Pendeta tersebut menerjemahkan salah satu kitab agama Budha Hinayana yang berbahasa Sanksekerta ke dalam bahasa Cina. Dalam penerjemahan tersebut, Hwi-Ning dibantu oleh seorang pendeta Kalingga bernama Janabadra.

Selendra (648-674)

Pada tahun 648 M dan 666 M, Selendra yang bergelar Prabhu Kartikeyasingha sang mokteng Mahamerwacala pernah mengirim duta besar ke Cina. Seleindra menikah dengan Dewi Sima dan dikaruniai 2 anak yaitu bernama Dewi Parwati yang diperisteri oleh raja Mandiminyak dari Galuh, serta Radiyah Narayana yang dijadikan menantu oleh raja Jayasinghanegara dari Keling. Raja Selendra meninggal di Gunung Mahameru.

Maharani Sima (674-695)

Maharani Sima dengan gelar Sri Maharani Mahisa Suramardini Satyaputikeswara adalah raja yang terkenal dari kerajaan Kalingga. Ratu Shima dikenal sebagai seorang yang menjunjung tinggi hukum dan keadilan yang diterapkan tanpa  pandang bulu.
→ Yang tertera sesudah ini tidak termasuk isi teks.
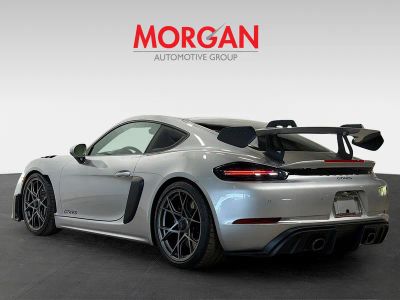2025 Porsche 718 Cayman — rear three-quarter view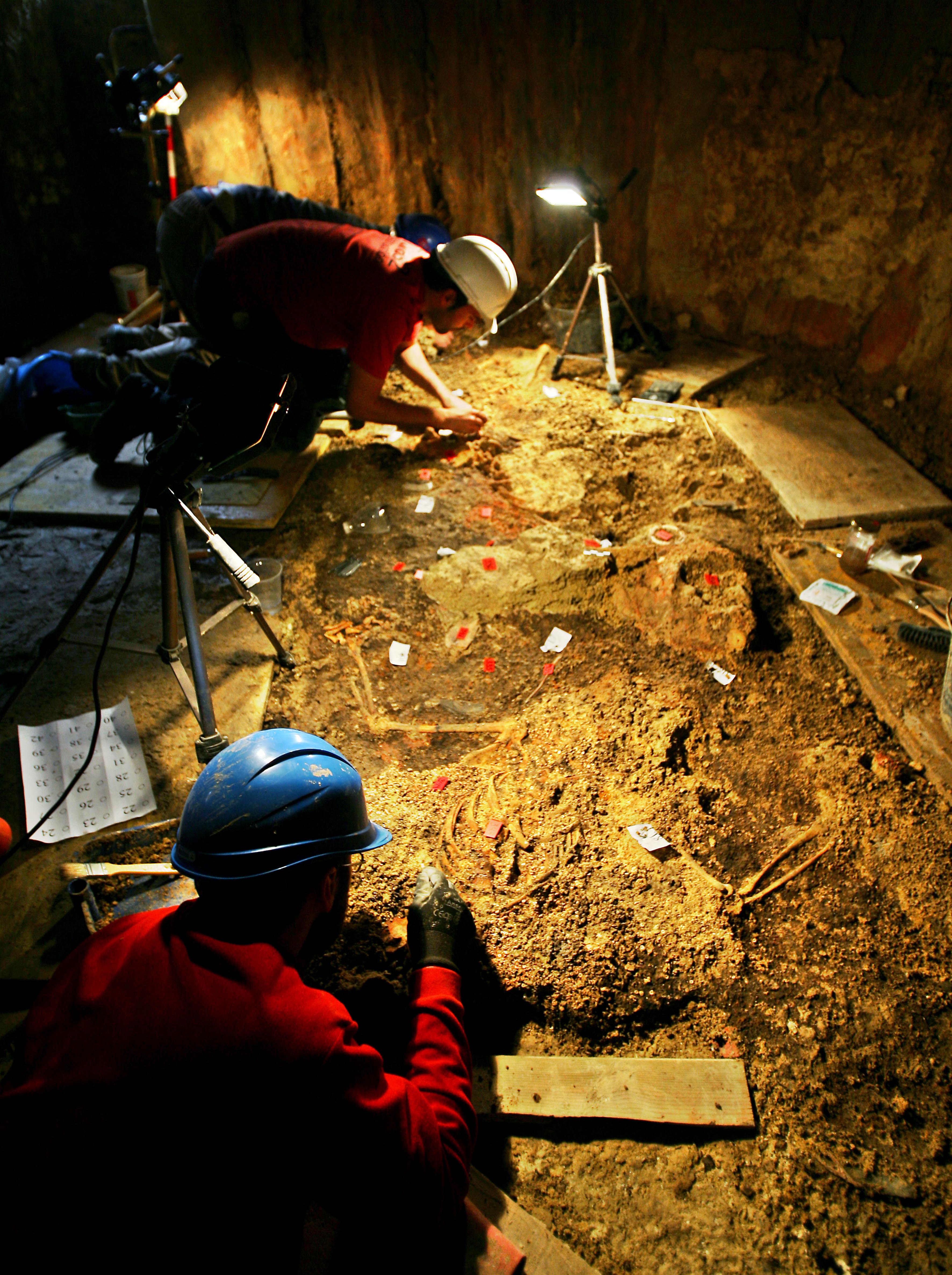 Three archaeologists in protective gear excavating an ancient burial site, with aid from large lamps.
Seorang saudagar Arab ingin membuktikan kebenaran akan ketaatan rakyat Kalingga terhadap hukum. Ia meletakkan sekantung uang di jalanan pusat kota. Alhasil tidak ada yang berani menyentuh maupun mengambilnya. Hingga suatu hari kaki Putra Mahkota tidak sengaja menyentuh kantung tersebut dan Ratu Sima memberikan perintah agar sanga putra dihukum dengan di potong kakinya.

Karena dirasa terlalu berat, para penasehat Ratu meminta agar hukuman yang diberikan diperingan, namun Ratu tetap teguh dengan pendiriannya. Setelah dipaksa, akhirnya sang ratu memutuskan hukuman yang diberikan yaitu memotong jari kaki sang putra mahkota.

Setelah sang ratu wafat pada tahun 695 M, kerajaan Kalingga terpecah menjadi dua wilayah yaitu Dewi Parwati di wilayah utara, dan Radiyah Narayana di wilayah selatan.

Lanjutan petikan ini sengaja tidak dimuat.